### SUPPLIED RECORDS:
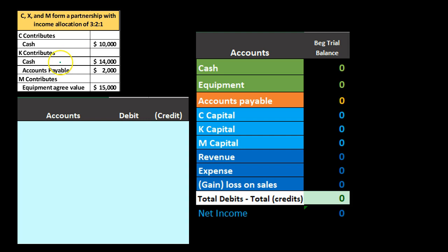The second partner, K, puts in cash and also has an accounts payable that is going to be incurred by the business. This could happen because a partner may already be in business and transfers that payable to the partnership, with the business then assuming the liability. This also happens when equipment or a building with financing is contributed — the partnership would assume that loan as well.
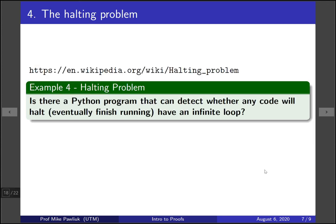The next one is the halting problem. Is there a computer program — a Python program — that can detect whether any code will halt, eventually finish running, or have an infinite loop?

---

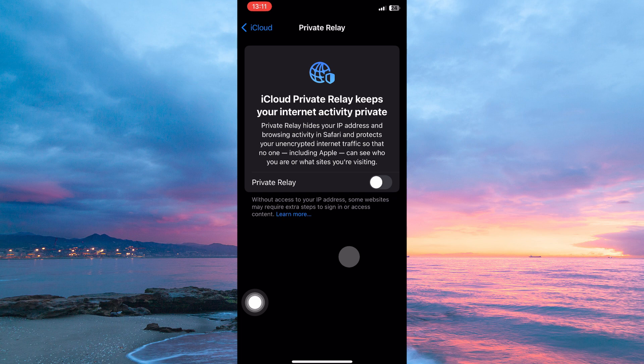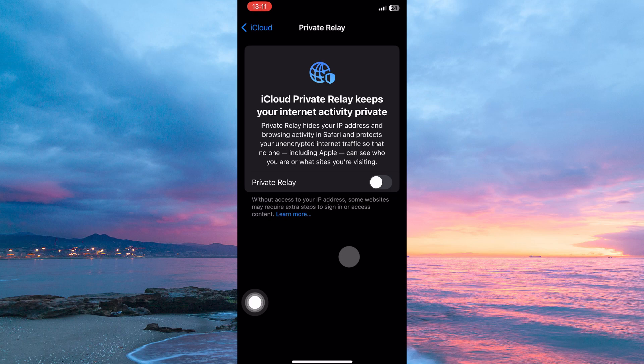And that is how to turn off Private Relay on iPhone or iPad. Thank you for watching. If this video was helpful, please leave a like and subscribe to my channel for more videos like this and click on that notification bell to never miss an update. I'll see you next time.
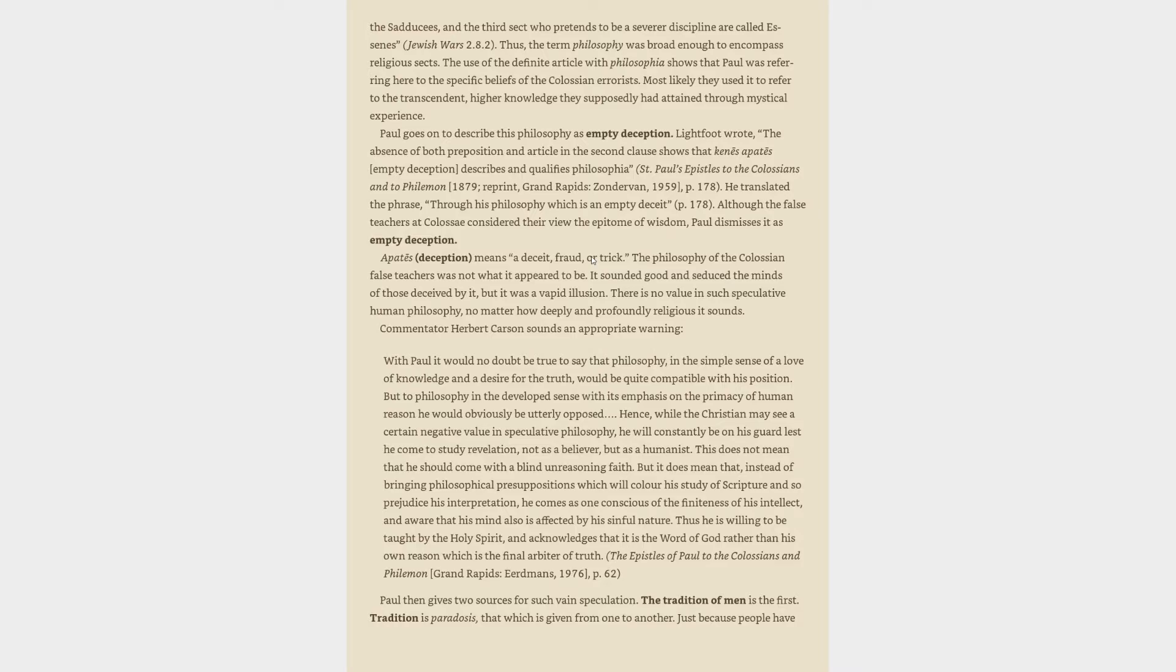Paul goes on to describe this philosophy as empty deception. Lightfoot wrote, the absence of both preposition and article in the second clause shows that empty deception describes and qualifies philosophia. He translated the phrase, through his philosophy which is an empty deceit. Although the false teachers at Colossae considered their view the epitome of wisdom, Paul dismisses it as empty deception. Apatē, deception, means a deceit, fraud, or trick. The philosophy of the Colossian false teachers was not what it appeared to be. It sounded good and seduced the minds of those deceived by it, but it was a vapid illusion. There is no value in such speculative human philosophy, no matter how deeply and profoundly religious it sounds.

...

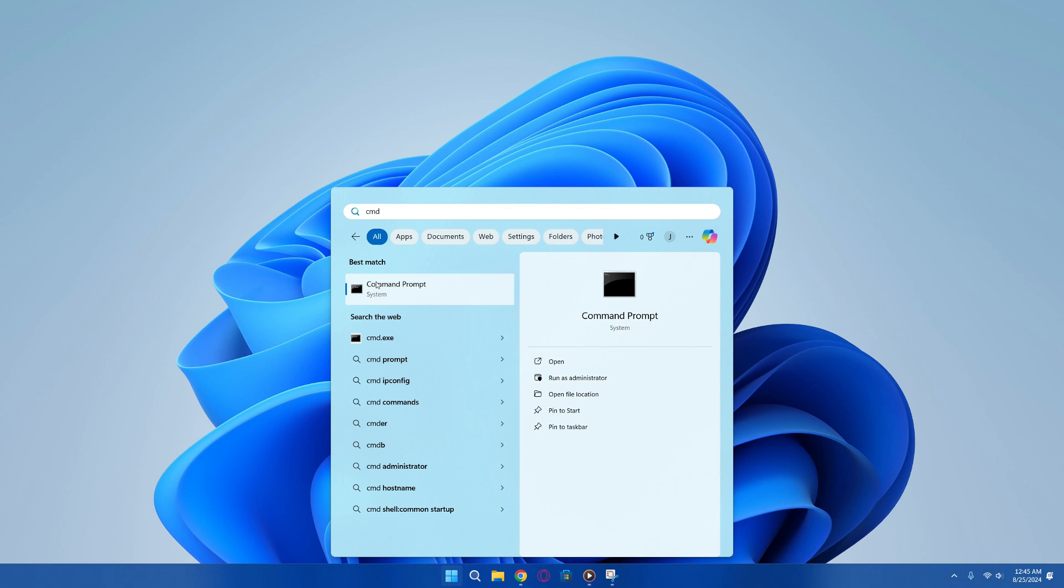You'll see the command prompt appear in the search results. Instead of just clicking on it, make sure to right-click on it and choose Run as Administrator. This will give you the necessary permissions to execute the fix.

### WHAT YOU NEED TO DO:
Start at the line above containing "The second partner, K, puts" and stop at the line containing "The next one": print those lines and everything between them exactly, but not the pictures.

### ANSWER TO THIS TASK:
The second partner, K, puts in cash and also has an accounts payable that is going to be incurred by the business. This could happen because a partner may already be in business and transfers that payable to the partnership, with the business then assuming the liability. This also happens when equipment or a building with financing is contributed — the partnership would assume that loan as well.
The next one is the halting problem. Is there a computer program — a Python program — that can detect whether any code will halt, eventually finish running, or have an infinite loop?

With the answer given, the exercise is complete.